Il y avait longtemps que je n'avais pas eu le plaisir de lire les aventures de Nicolas Boyer, et je suis toujours autant épatée par la minutie des détails historiques (oui je sais c'est ton métier mais kanmême ;) ) et de ta capacité à faire surgir toutes ces images...

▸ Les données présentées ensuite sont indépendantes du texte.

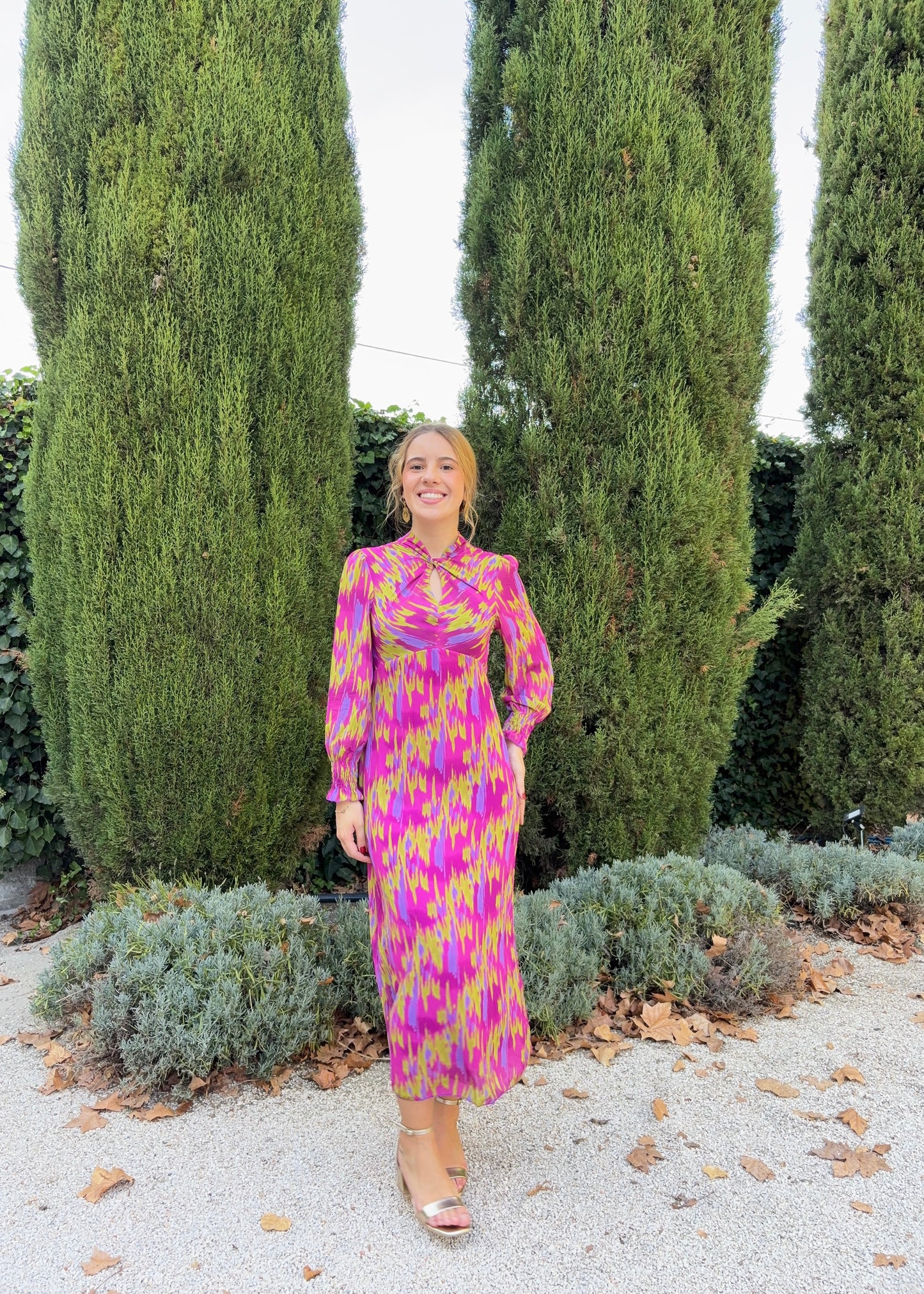 Vestido midi com decote cruzado e mangas compridas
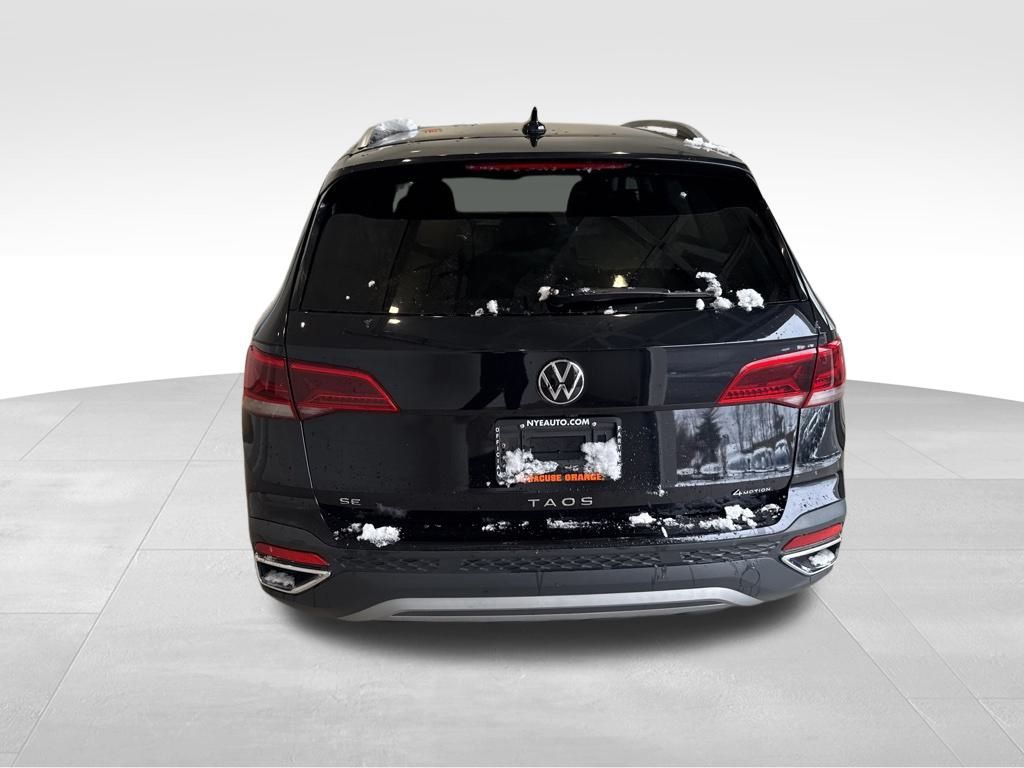 2022 Volkswagen Taos SE photo 4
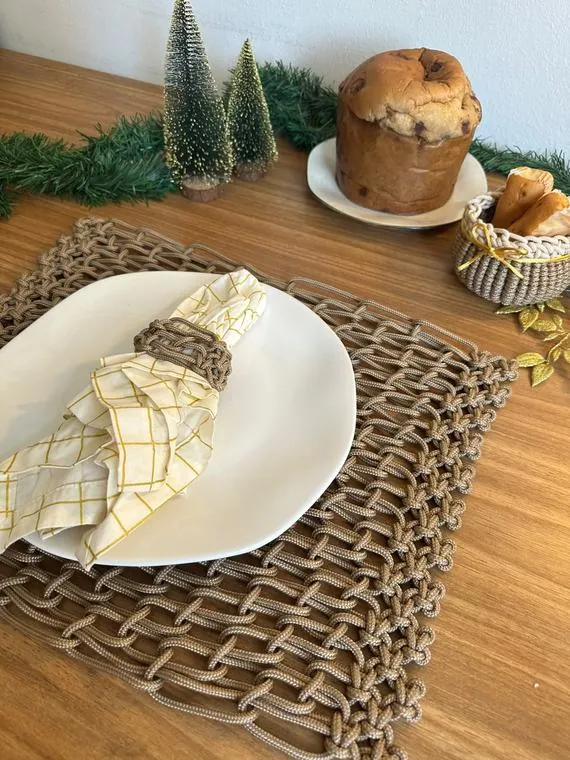 Mesa posta com lugar americano, porta-guardanapo e mini cesto de panetone em macramê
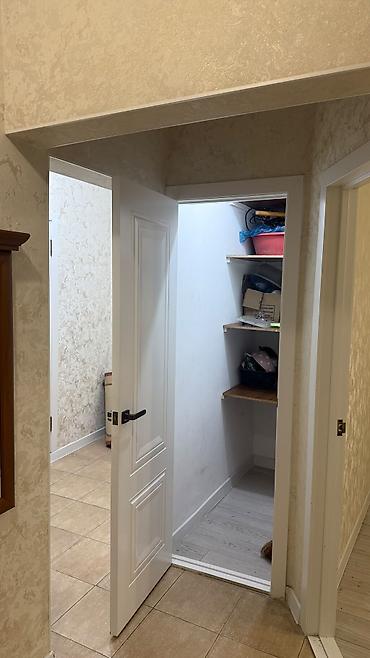 Продажа квартир: 3 комнаты, 72 м², Золотой квадрат 106 серия, 3 этаж — 10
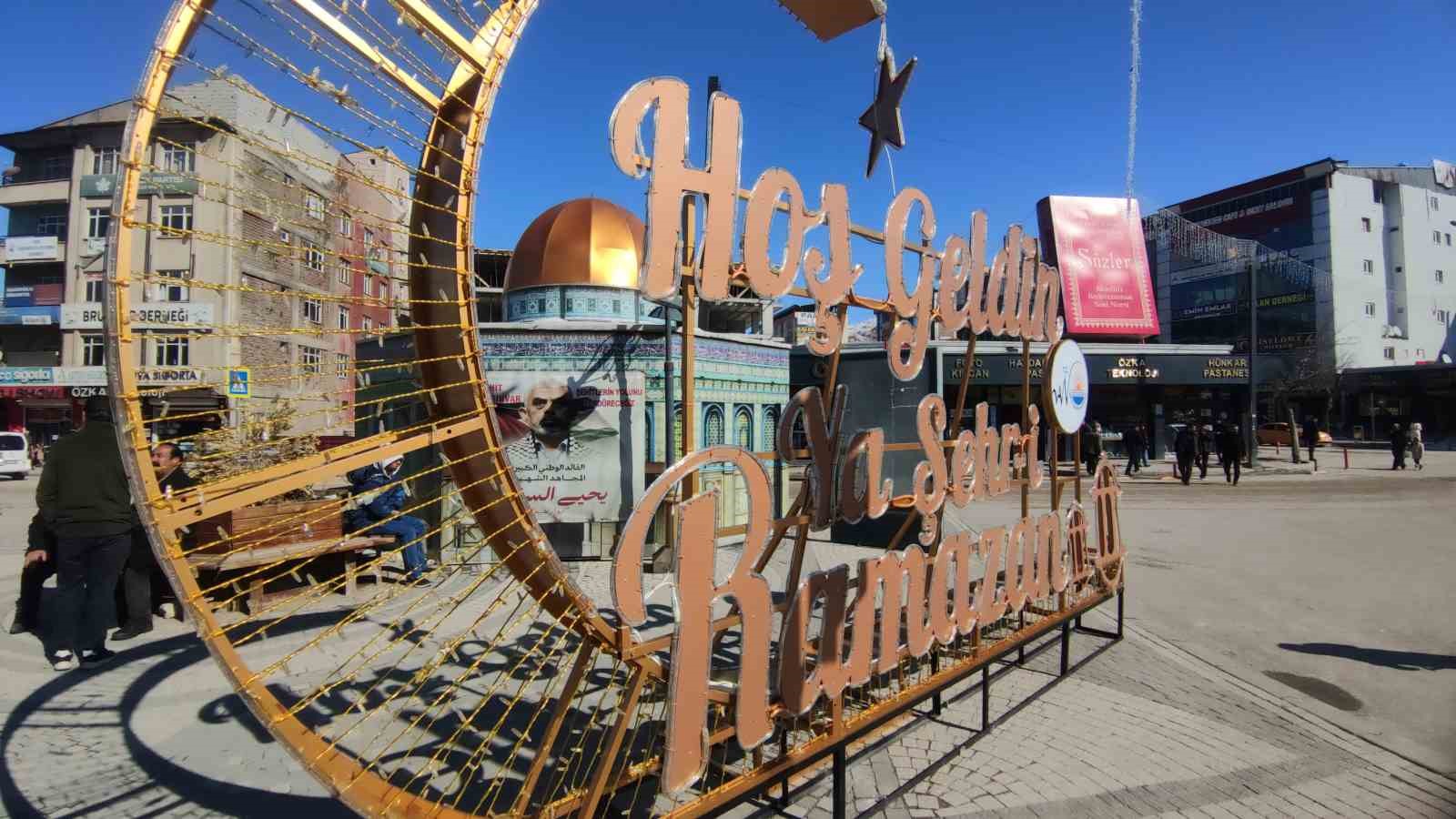 Van’da Ramazan ışıltısı: Kent meydanları görsel şölene dönüştü
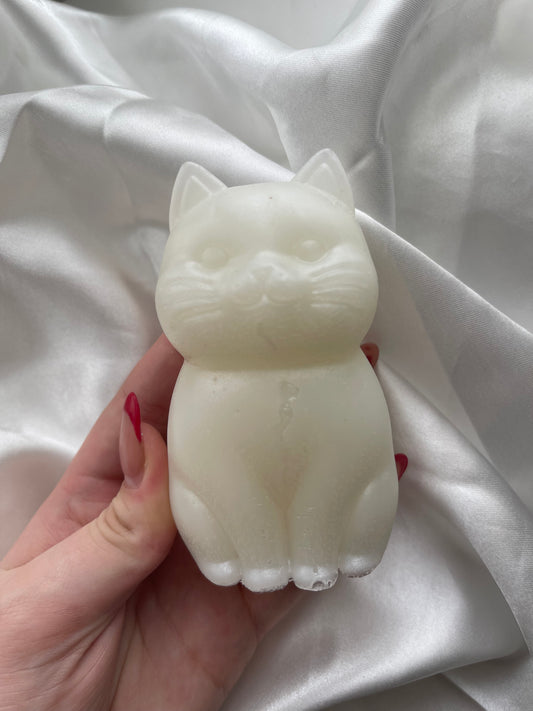 Figurine chat blanc bulles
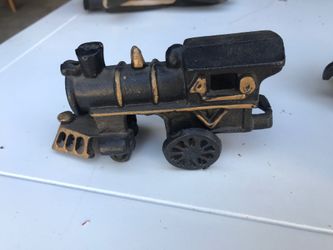 Vintage cast iron train set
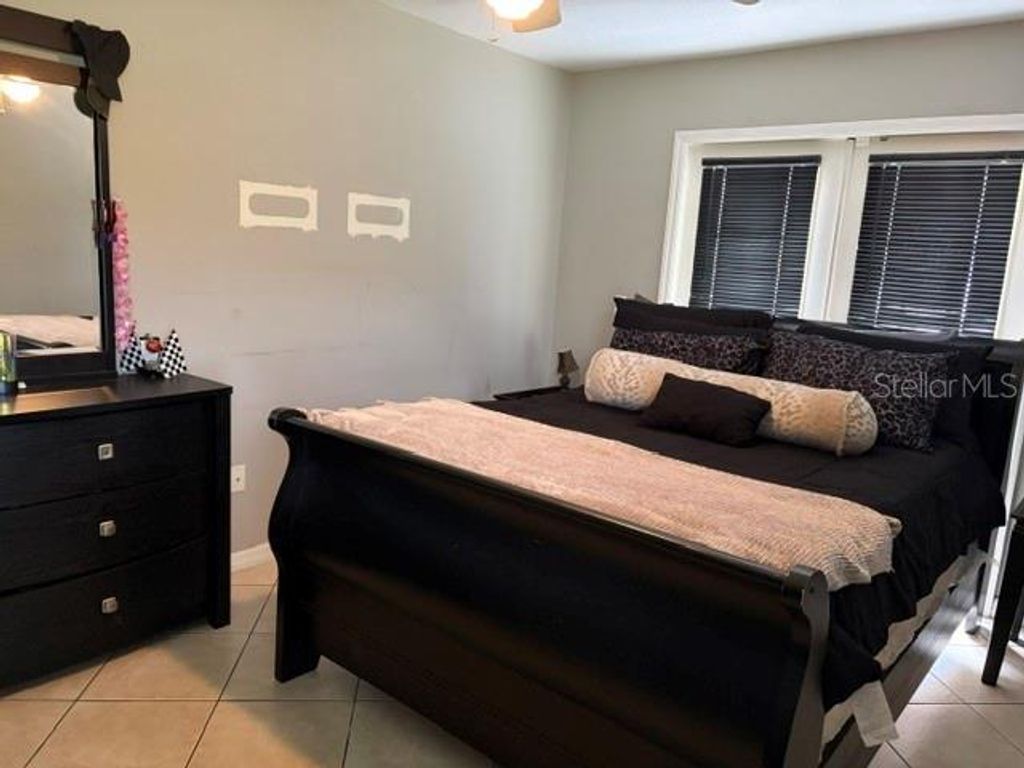 Image 13 of property listing at 914 NICHOLSON ST, Clearwater, FL 33755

Écrit par : euqinorev | mardi, 18 septembre 2007

Oui, je suis d'accord avec Euqinorev, une précision et un travail de recherche incroyable.
Continue Enriqueta à nous décrire cette vie passée, que l'on a parfois découvert au travers des livres mais dont on a oublié la dureté.
@Bientôt

Écrit par : cassandrali | mardi, 18 septembre 2007

La pire des prisons de l'époque reste la Bastille, n'est-ce pas ?

Écrit par : Stephane | mardi, 18 septembre 2007

C'est toujours un plaisir de retrouver Nicolas :-)
bonne soirée
Stéphanie

Écrit par : stéphanie | mardi, 18 septembre 2007

Stéphane, je ne crois pas que la Bastille soit pire que les autres et, de mémoire, je crois qu'elle était plutôt prison pour les nobles ou bourgeois riches. Les délinquants et criminels "ordinaires" sont toujours envoyés au Grand Châtelet ou dans une prison de banlieue.